• INFORMATION SUPPLIED:
======
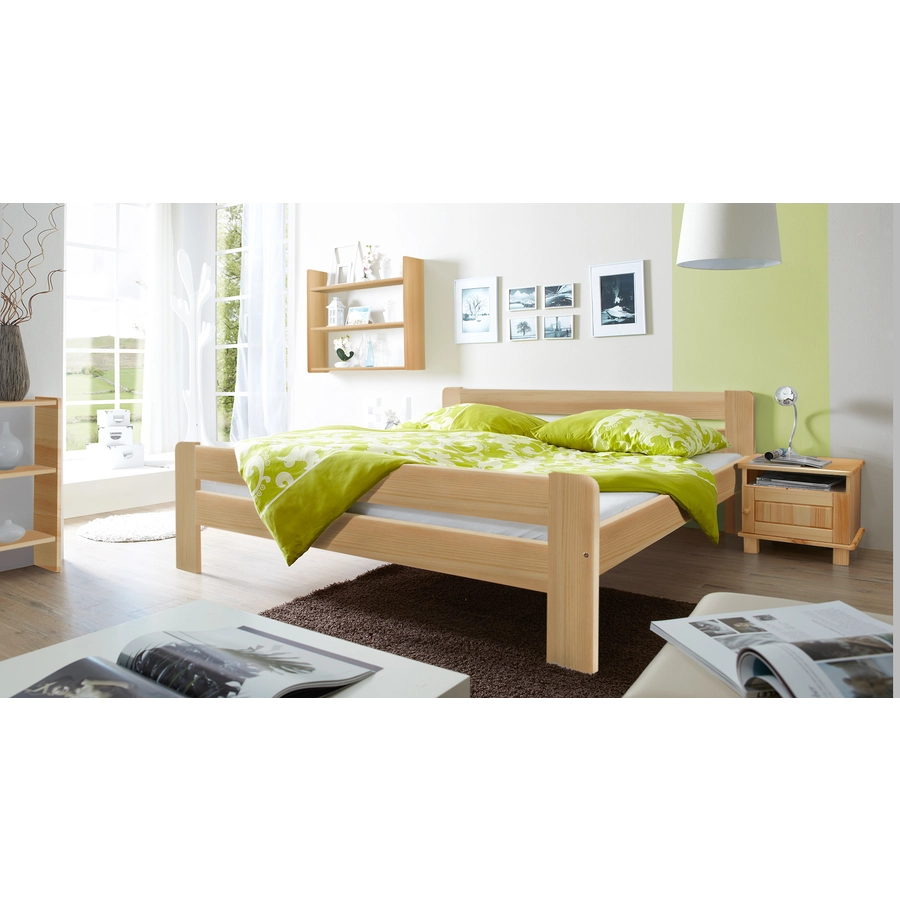 TICAA Massivholz Einzelbett Bert Kiefer Natur Natur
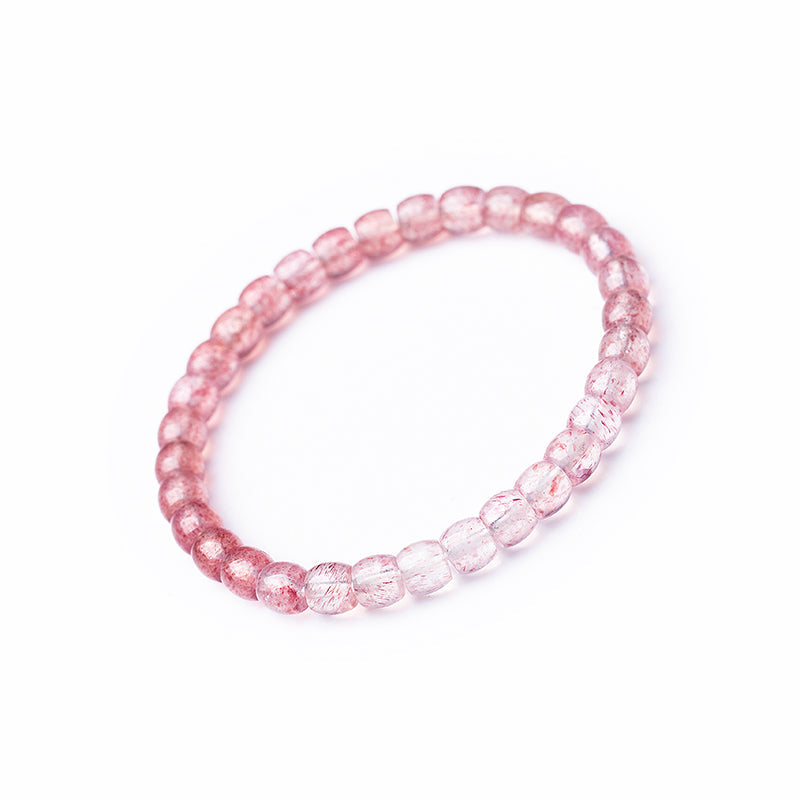 Natural Strawberry Quartz Barrel Bead Bracelet - Transparent and Radiant Red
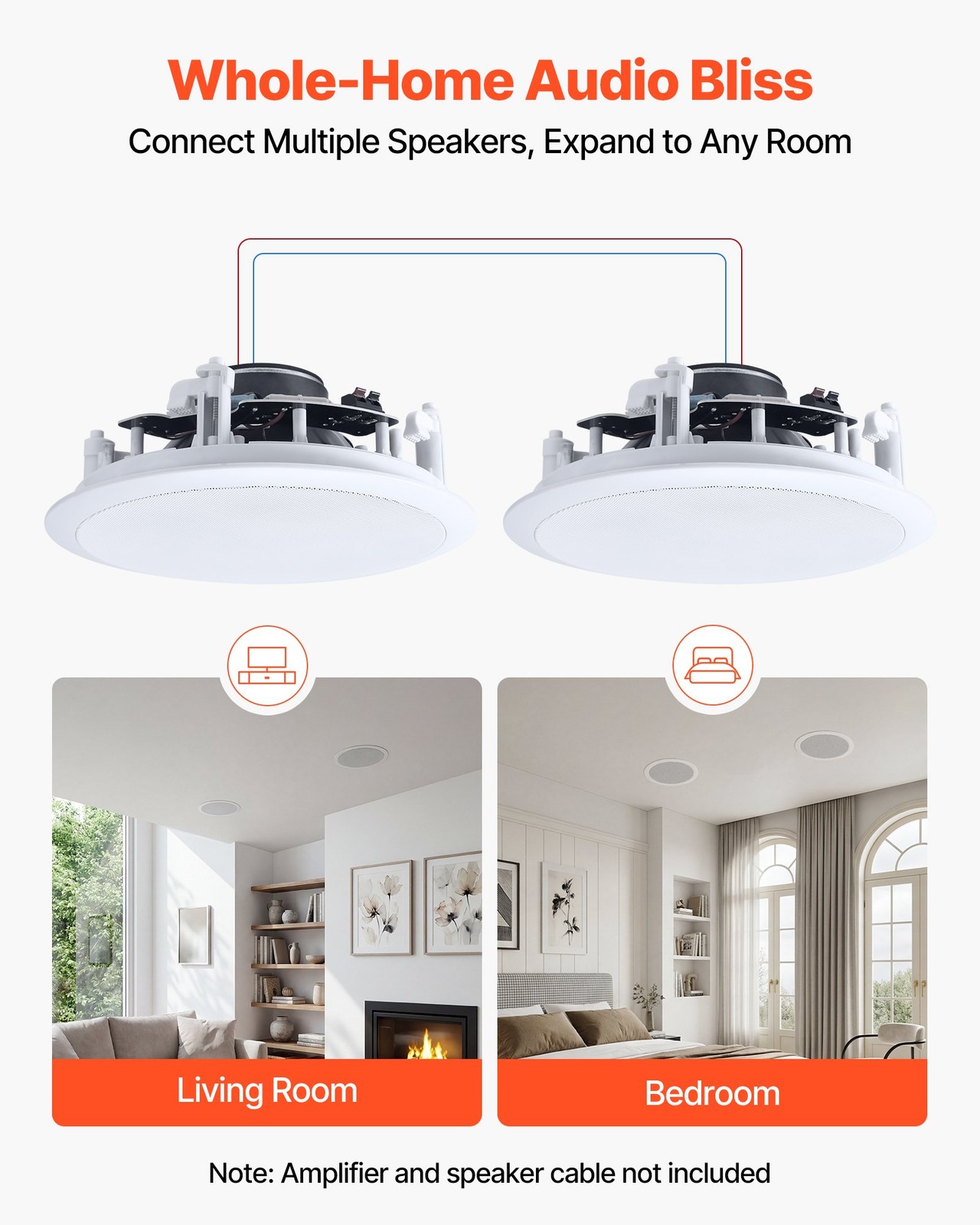 In Ceiling Speakers, 8″, In-Ceiling & In-Wall Speaker System, Hi-Fi Sound, 150W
======
Leaving out the pictures, output the listing above exactly as given.

 TICAA Massivholz Einzelbett Bert Kiefer Natur Natur
 Natural Strawberry Quartz Barrel Bead Bracelet - Transparent and Radiant Red
 In Ceiling Speakers, 8″, In-Ceiling & In-Wall Speaker System, Hi-Fi Sound, 150W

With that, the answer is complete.